# [Your goal]
All of the data, word for word and free of pictures, is the expected result.

(Brief descriptive captions)
◇ ◇ ◇ ◇

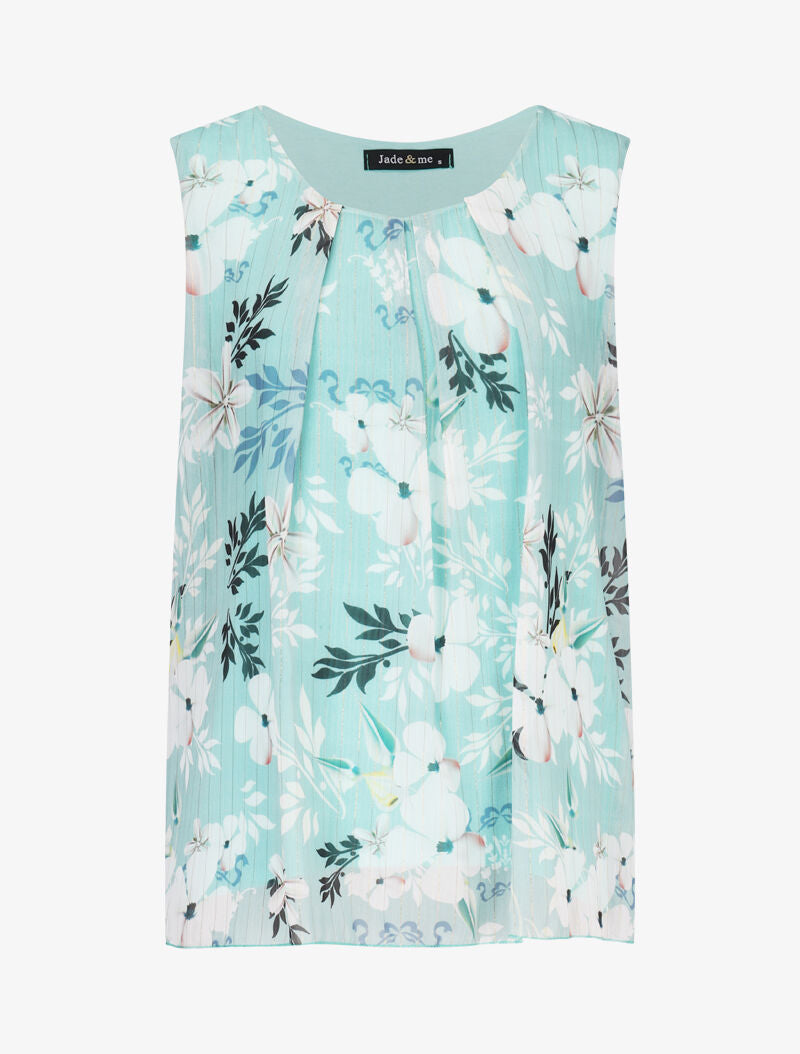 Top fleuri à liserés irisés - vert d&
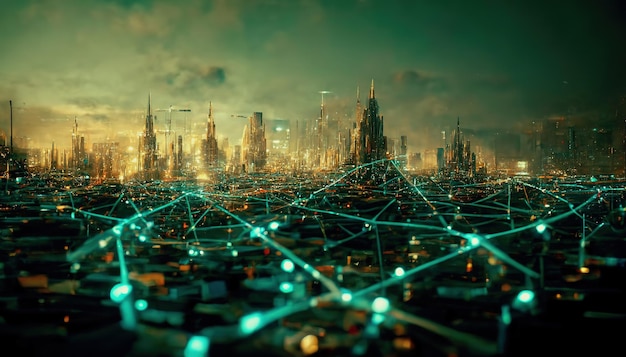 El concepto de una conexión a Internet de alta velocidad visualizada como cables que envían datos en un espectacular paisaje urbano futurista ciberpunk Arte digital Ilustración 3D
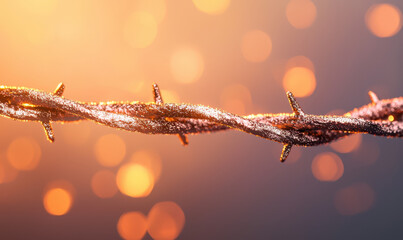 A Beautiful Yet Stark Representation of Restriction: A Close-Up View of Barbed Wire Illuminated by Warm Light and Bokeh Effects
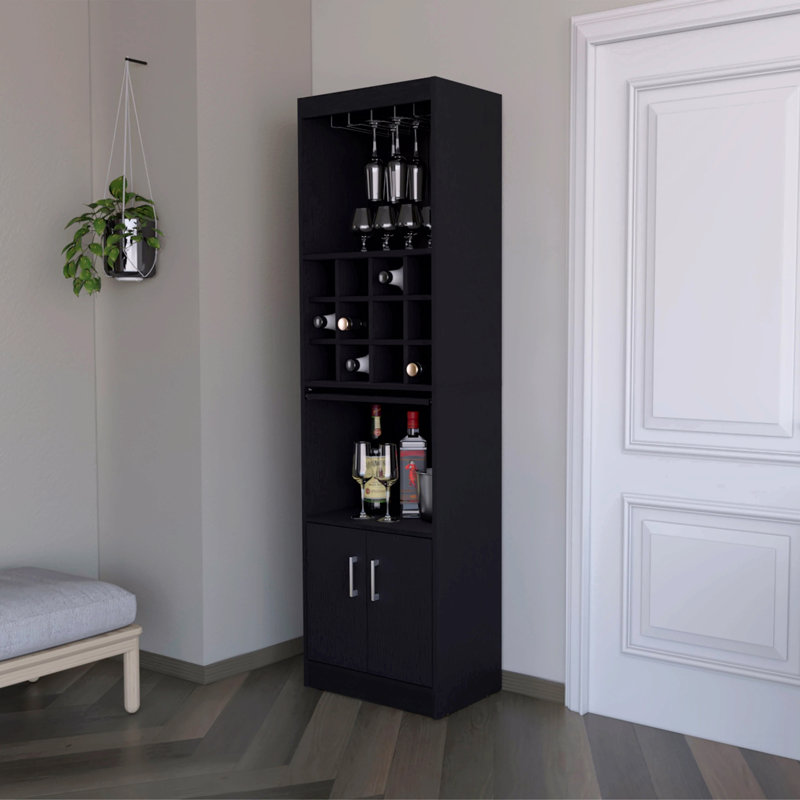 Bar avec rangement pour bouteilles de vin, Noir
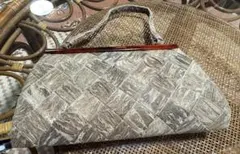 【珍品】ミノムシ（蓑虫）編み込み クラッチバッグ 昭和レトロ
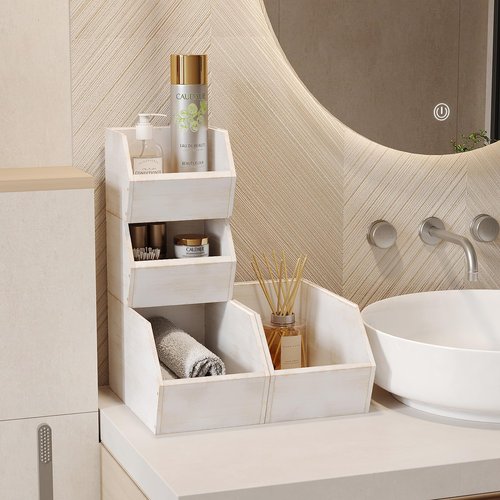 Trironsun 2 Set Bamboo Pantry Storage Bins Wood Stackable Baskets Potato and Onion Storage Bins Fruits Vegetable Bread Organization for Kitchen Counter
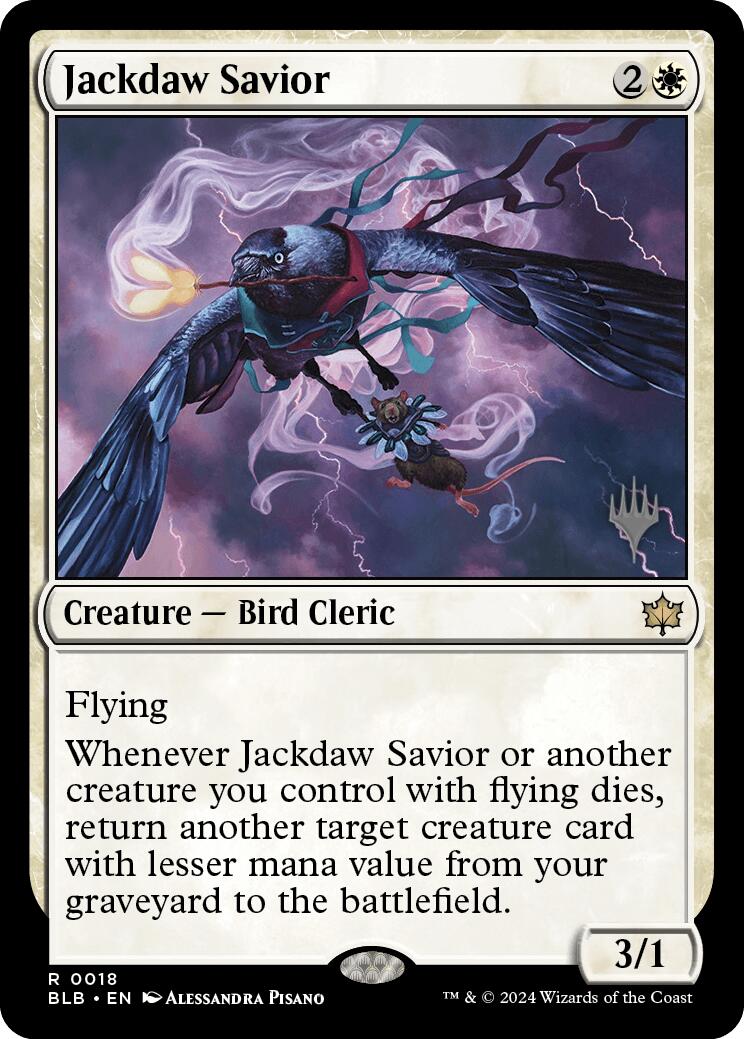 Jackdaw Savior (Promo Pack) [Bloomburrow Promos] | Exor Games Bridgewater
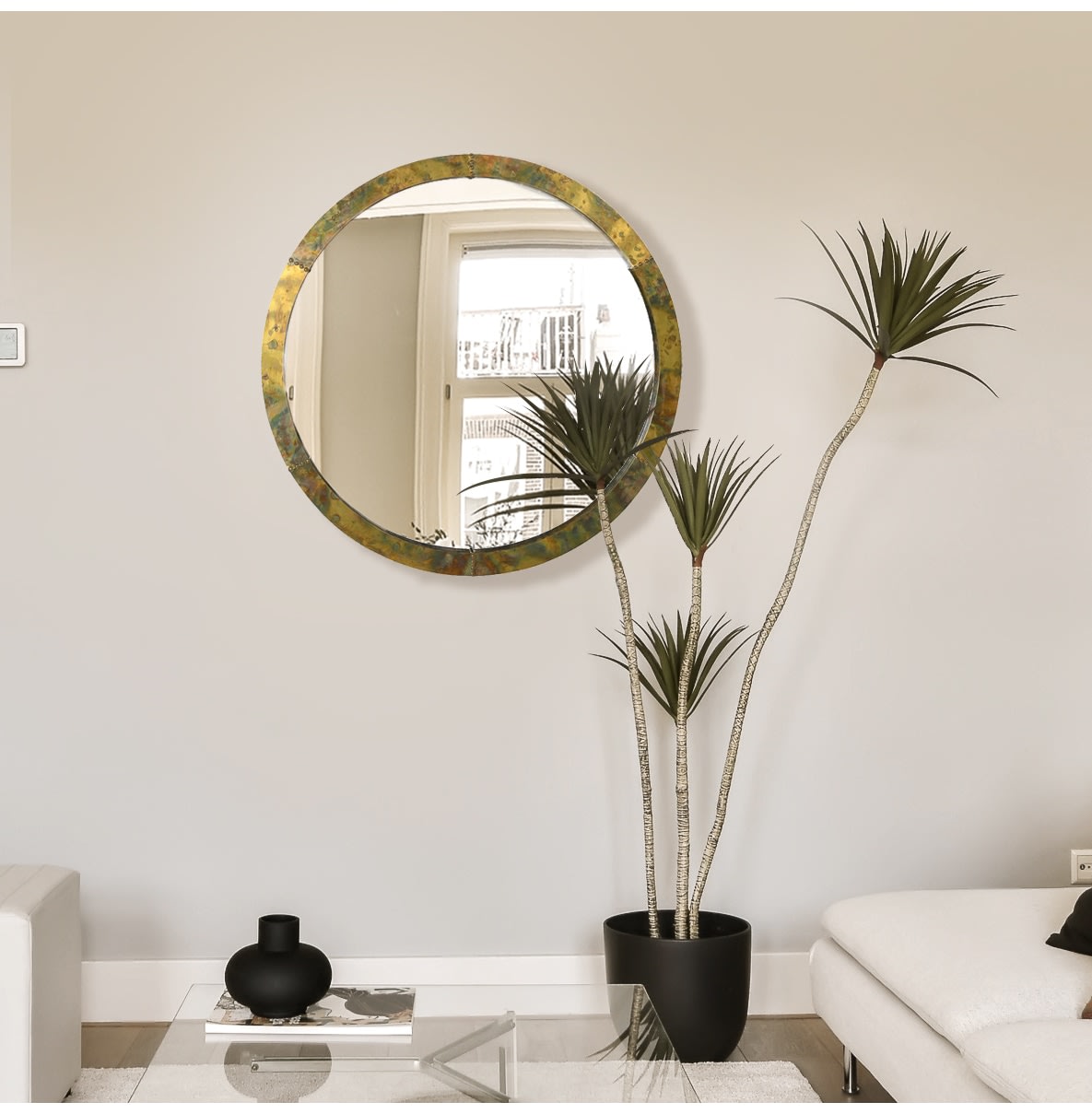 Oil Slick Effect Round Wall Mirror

◇ ◇ ◇ ◇

# [Your response]
 Top fleuri à liserés irisés - vert d&
 El concepto de una conexión a Internet de alta velocidad visualizada como cables que envían datos en un espectacular paisaje urbano futurista ciberpunk Arte digital Ilustración 3D
 A Beautiful Yet Stark Representation of Restriction: A Close-Up View of Barbed Wire Illuminated by Warm Light and Bokeh Effects
 Bar avec rangement pour bouteilles de vin, Noir
 【珍品】ミノムシ（蓑虫）編み込み クラッチバッグ 昭和レトロ
 Trironsun 2 Set Bamboo Pantry Storage Bins Wood Stackable Baskets Potato and Onion Storage Bins Fruits Vegetable Bread Organization for Kitchen Counter
 Jackdaw Savior (Promo Pack) [Bloomburrow Promos] | Exor Games Bridgewater
 Oil Slick Effect Round Wall Mirror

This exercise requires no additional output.